The Supreme Court isn’t sure. In Free Enter. Fund v. Pub. Co. Accounting Oversight Bd., the court noted that “The people do not vote for the “Officers of the United States,”” citing … the Constitution again?
He shall have Power, by and with the Advice and Consent of the Senate, to make Treaties, provided two thirds of the Senators present concur; and he shall nominate, and by and with the Advice and Consent of the Senate, shall appoint Ambassadors, other public Ministers and Consuls, Judges of the supreme Court, and all other Officers of the United States, whose Appointments are not herein otherwise provided for, and which shall be established by Law: but the Congress may by Law vest the Appointment of such inferior Officers, as they think proper, in the President alone, in the Courts of Law, or in the Heads of Departments.
Art. II Sec. 2 cl. 2 (emphasis added)
Okay, “officers of the United States” means ambassadors, ministers, consuls, judges, and anyone else that Congress says it includes, but does not mean the president himself.
Does this matter? No one knows. Remember, Section 3 of the Fourteenth Amendment disqualifies an insurrectionist from holding an office, not from being an officer. These are surely not the same thing.

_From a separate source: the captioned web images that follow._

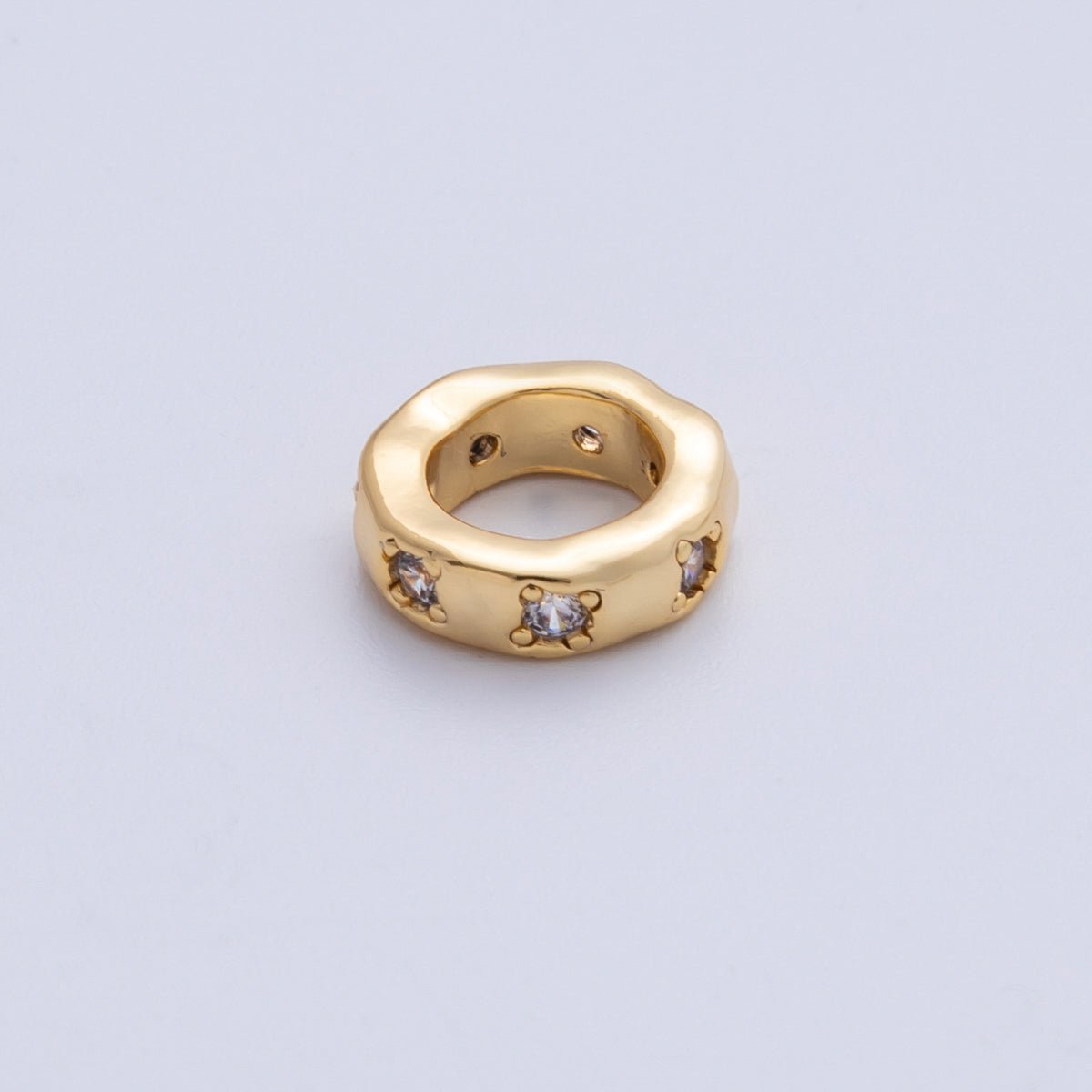 18K Gold Filled 11mm Personalized Birthstone CZ Rondelle Spacer Bead | Beads - 00125 ~ Beads - 00137 - DLUXCA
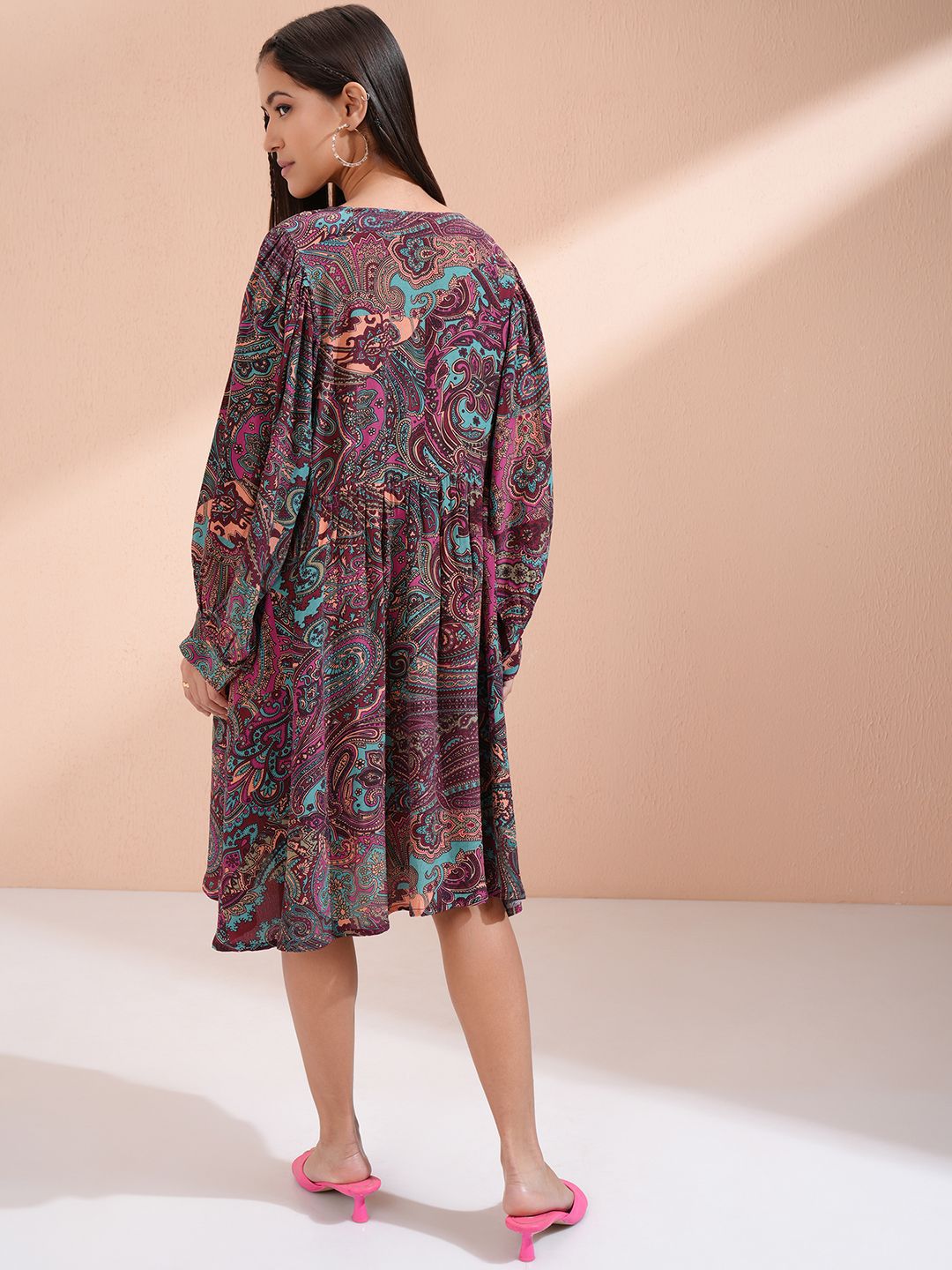 Vishudh Women Ethnic Motifs Printed Fit & Flare Dress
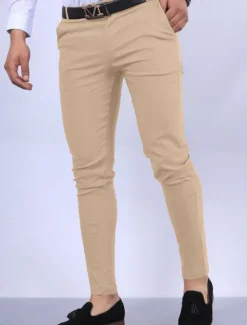 OUKU Men's Dress Pants Chinos Chino Pants Pocket Plain Comfort Business Daily Classic Style Black White Micro-elastic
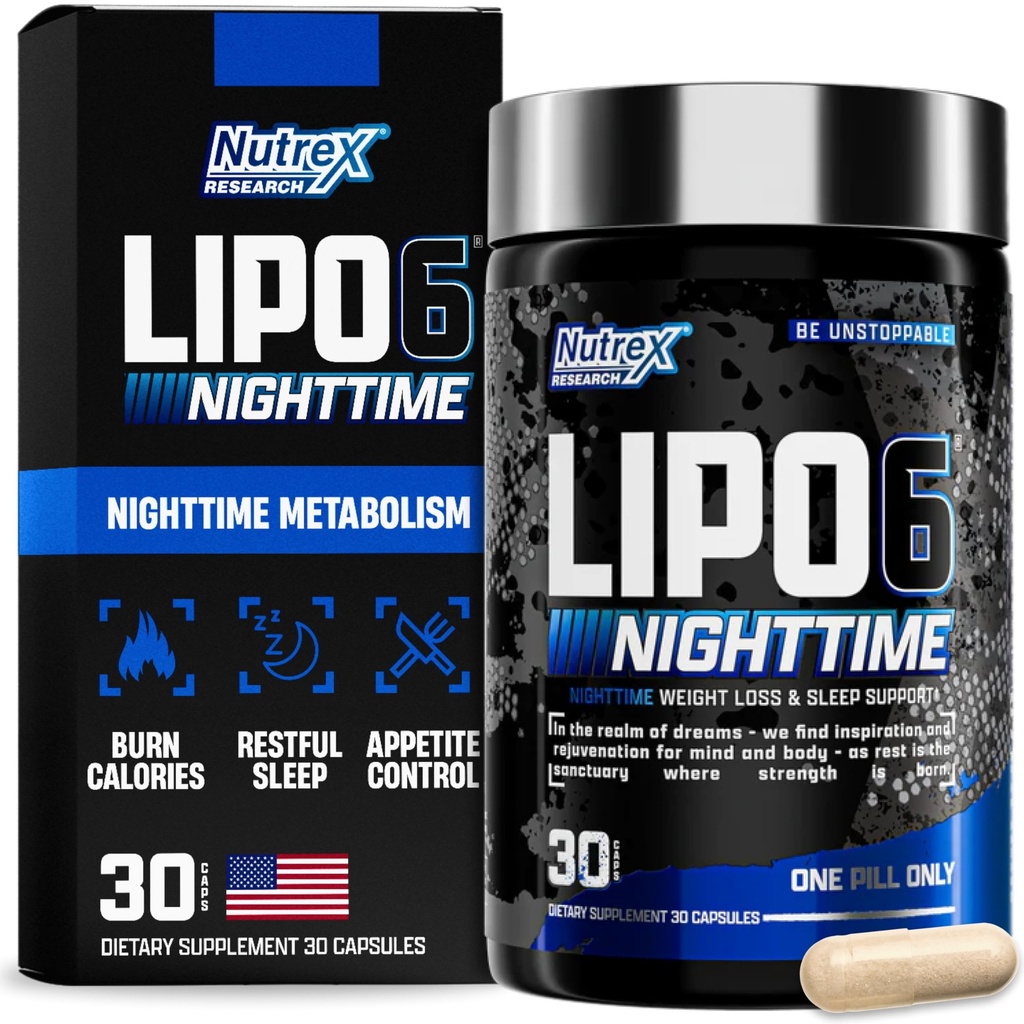 Nutrex Lipo 6 Nighttime Fat Burner  Melatonin Sleep Aid &amp; Weight Loss Diet Pills for Hombre and Women ← Night Time Metabolism Booster Appetite Suppressant ← 30 Servings (1)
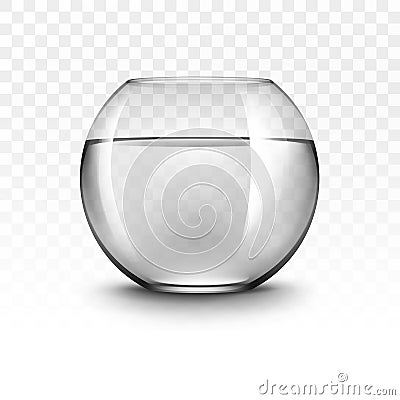 Vector Realistic Black Transparent Glass Fishbowl Aquarium with Water without Fish on White Background Vector Illustration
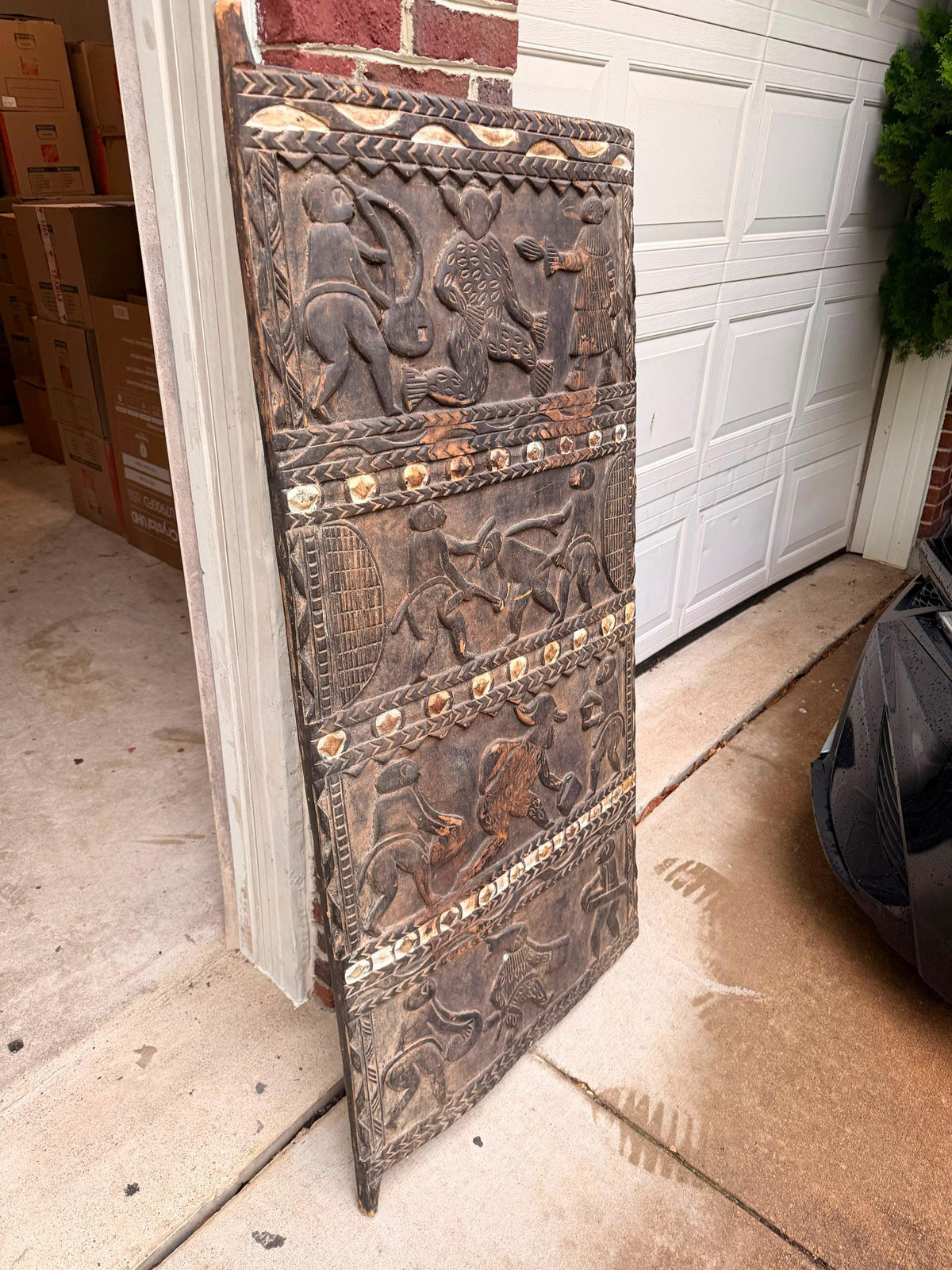 Vintage African Baule Carved Wood Palace Door - Local PICKUP ONLY 60"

While Free Enter. Fund v. PCAOB says the people do not vote for the Officers of the United States, Section 3 is not limited to officers not voted for; it allows the barring of electors, senators, representatives, and all kinds of state officials.
The Colorado Supreme Court, for what it’s worth, decided to go with the easy answer: of course the president is an officer.
When interpreting the Constitution, we prefer a phrase’s normal and ordinary usage over “secret or technical meanings that would not have been known to ordinary citizens in the founding generation.”District of Columbia v. Heller, 554 U.S. 570, 577 (2008). Dictionaries from the time of the Fourteenth Amendment’s ratification define “office” as a “particular duty, charge or trust conferred by public authority, and for a public purpose,” that is “undertaken by . . . authority from government or those who administer it.” Noah Webster, An American Dictionary of the English Language 689 (Chauncey A. Goodrich ed., 1853); see also 5 Johnson’s English Dictionary 646 (J.E. Worcester ed., 1859) (defining “office” as “a publick charge or employment; magistracy”);United States v. Maurice, 26 F. Cas. 1211, 1214 (C.C.D. Va. 1823) (No. 15,747) (“An office is defined to be ‘a public charge or employment,’ . . . .”). The Presidency falls comfortably within these definitions…..
Anderson v. Griswold, 2023 CO 63
Trump will certainly appeal to the Supreme Court. As The Workprint staff writer Victor Catano noted on Bluesky, it may overturn Colorado on the grounds that, “Harlan Crow gave me a yacht to park my RV on.” Or it may find mundane procedural grounds, or it may take the unusual step of agreeing — after all, the justices aren’t friends of Donald Trump, even if he put an unusually high number of them on the bench.